If you’re in the market for an SUV like the Compass, find out what we think is the best SUV by watching our video below.
MPG, running costs & CO2
The Compass’ 2.2-litre diesel engine is the most efficient in the range, returning 46.3mpg and emitting 161g/km of CO2, resulting in road tax of £185 a year. While these are by no means stellar figures, they’re better than the other engines can offer; the 2.0-litre petrol returns 37.2mpg and emits 175g/km of CO2 (making road tax £210 a year), while the range-topping 2.4-litre petrol was even thirstier, barely managing 30mpg. The petrol engines also need servicing more frequently than the diesel, adding to your running costs. Factor in the Compass’ relatively poor second-hand values and you’re left with a car that’s significantly more expensive to run than the competition.
Fortunately, the Compass’ replacement – the Jeep Renegade – is far more efficient, returning 64.3mpg when fitted with the 1.6-litre diesel engine. In fact, even the thirstiest four-wheel-drive Renegade is barely any less efficient than the most economical Compass.

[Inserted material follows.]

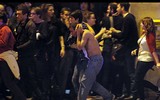 Những bức ảnh gợi lại ký ức bi thương vụ tấn công khủng bố Paris năm 2015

Do note that your engine choice affects which wheels of the car are driven: the 2.0-litre petrol engine is two-wheel-drive only, the 2.4-litre petrol is four-wheel-drive only, while diesel customers can have either two or four-wheel-drive.
Engines, drive & performance
If you’re in the market for a hugely capable off-road car, the Compass is definitely worth a look; its high ground clearance, capable engines andexcellent four-wheel-drive system – not to mention Jeep’s off-road know-how – mean it excels in this area. As a road car, however, the Compass is somewhat lacking. It may not lean in corners as much as you’d expect, but the vague steering detracts significantly from the overall driving experience.
The gearboxes also disappoint: there are two manuals as standard - with either five or six gears - and they’re both clunky to use. You may want to consider an automatic but this is only available with the top-of-the-range 2.4-litre petrol model, making it an expensive proposition.
Performance is more respectable, with even the entry-level 2.0-litre petrol engine taking the Compass from 0-62mph in 10.6 seconds; the 2.2-litre diesel is marginally quicker, taking 9.8 seconds to do the same when fitted with four-wheel-drive. The 2.4-litre petrol engine’s 0-62mph time of 10.5 seconds means performance is underwhelming considering the performance on offer.
Interior & comfort
If you get in a Compass having recently been in a Nissan Qashqai or Volkswagen Tiguan, you may get a bit of a shock. We can forgive the Compass for its low-rent dashboard design and scratchy plastics (it was cheaper than many of its key rivals, after all) but once on the move the noise is harder to overlook.
Whether you go for petrol or diesel, the Compass’ engines are loud, particularly when accelerating. This, coupled with pronounced wind and road noise at motorway speed, means driving a Compass is anything but relaxing. Back seat passengers will have cramped conditions in addition to this discomfort, as the Compass has limited rear legroom and a poor seating position.
Practicality & boot space
To give it its due, the Compass’ 458-litre boot (which rises to 1,269 litres with the rear seats folded) is larger than the Nissan Qashqai’s, while the wide opening means loading bulky objects is easy.
Inside, things head downhill somewhat. We’ve already mentioned the limited rear legroom, but it’s worth pointing out how little space there is for backseat passengers’ feet and that there is a very pronounced hump in the middle of the floor. This means there isn’t really anywhere for the middle-seat passenger to put their feet, so for long journeys you’re best thinking of the Compass as a four-seater. The rear doorbins are similarly tight and can’t even take a decent-size bottle of water.
Up front, the Compass’ high ride height means forwards visibility is excellent, though the view out the back is compromised slightly by the large rear pillars. It’s also difficult to find the right driving position as the steering wheel adjusts up and down, but not in and out.
Reliability & safety
Jeep’s reputation has improved somewhat of late, and its 11th place finish out of 32 manufacturers in our 2016 Driver Power survey attests to this. Reliability is less impressive, though, with a 31st place result in this area. Still, the Compass feels well built and there have been no major issues reported.
Safety is more of a concern, as the Compass only scored two out of a possible five stars in its Euro NCAP crash tests. Its 76% child occupant rating is reasonable, but a middling 61% adult occupant and poor 23% pedestrian safety scores may give some pause for thought. You do get six airbags, (mandatory) electronic stability control and a clever rollover prevention system.
Price, value for money & options
Although it’s no longer on sale, the Compass’ relatively low starting price (it was about £1,500 cheaper than a Nissan Qashqai) and generous kit list made it an attractive prospect at first glance – although Jeeps don’t tend to have the strongest second-hand values, so it wasn’t not quite the bargain it first appeared.
Entry-level Sport trim includes all-round electric windows, air-conditioning, foglights, alloy wheels and iPod connectivity. Sport + cars have extra airbags, Bluetooth connectivity and upgraded air-conditioning, while top-spec Limited and 70th Anniversary models have heated leather seats, larger alloy wheels and four-wheel-drive as standard.